Activity:
Each line of the material must be reproduced exactly; pictures stay out.

Raw data:

== Segment start ==

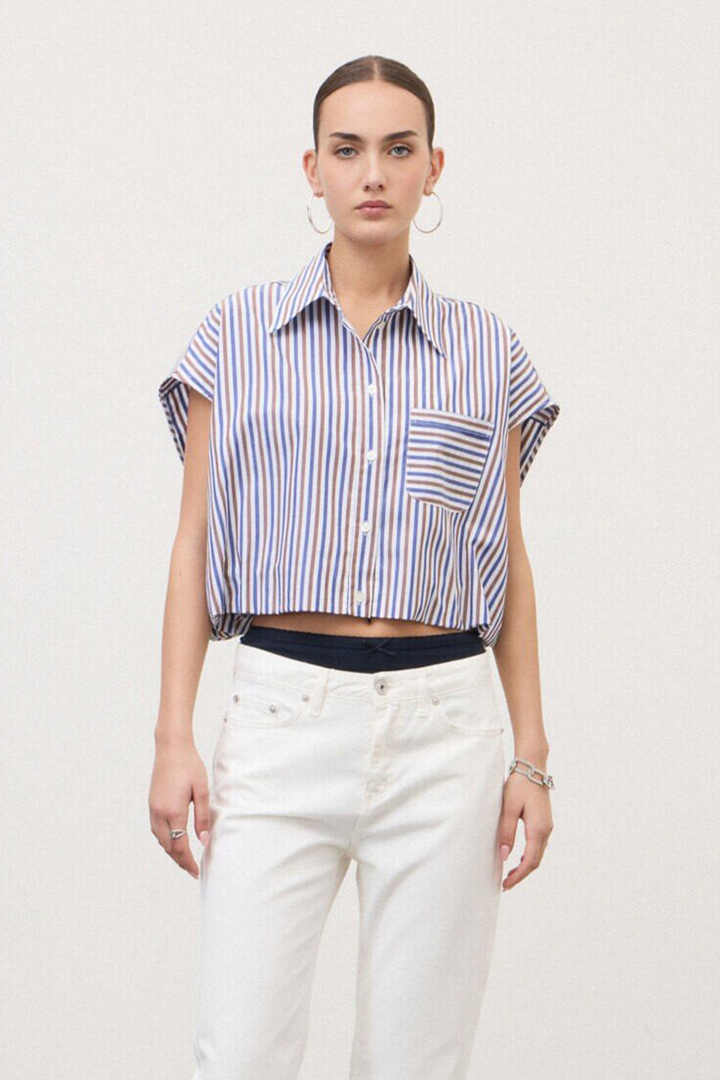 Camicia Smanicata Crop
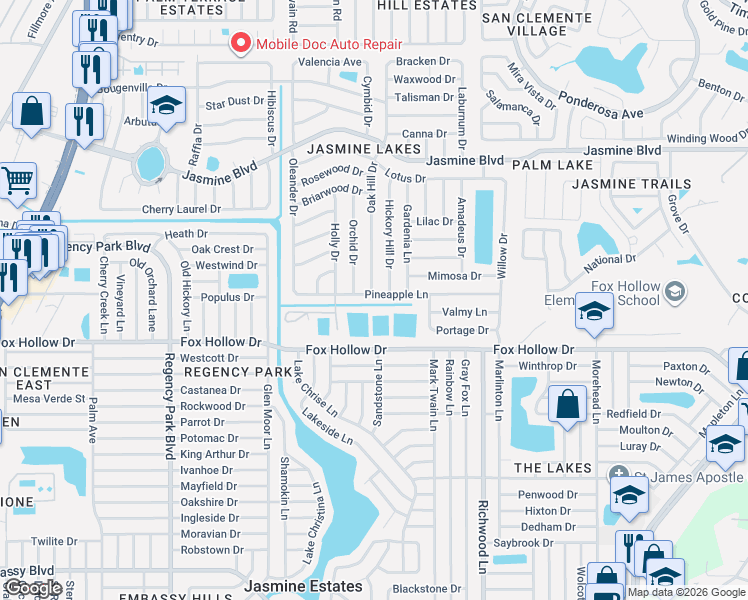map of restaurants, bars, coffee shops, grocery stores, and more near 7714 Pineapple Lane in Port Richey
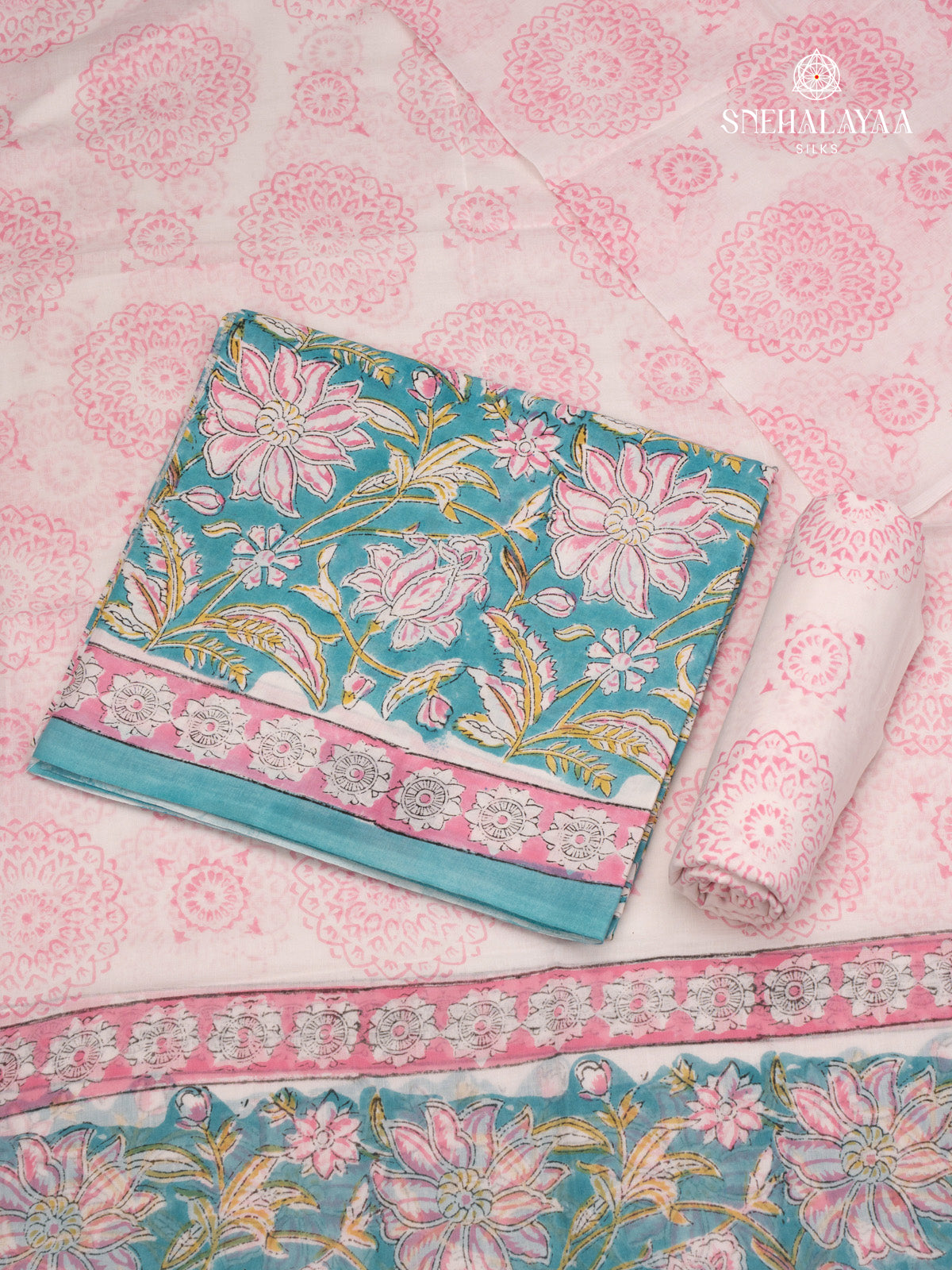 Blue Jaipur Cotton 3-Piece Salwar Suit Material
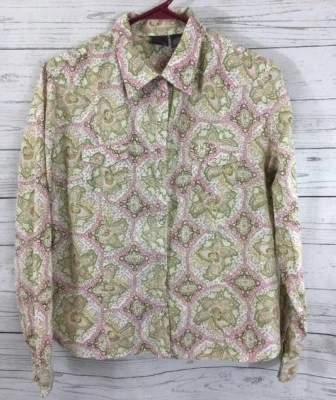 Blusa Copper Key Juniors Grande Rosa Verde Paisley Floral Botón a Presión Femenino Foto 1 de 4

== Segment end ==

Reply:
 Camicia Smanicata Crop
map of restaurants, bars, coffee shops, grocery stores, and more near 7714 Pineapple Lane in Port Richey
 Blue Jaipur Cotton 3-Piece Salwar Suit Material
 Blusa Copper Key Juniors Grande Rosa Verde Paisley Floral Botón a Presión Femenino Foto 1 de 4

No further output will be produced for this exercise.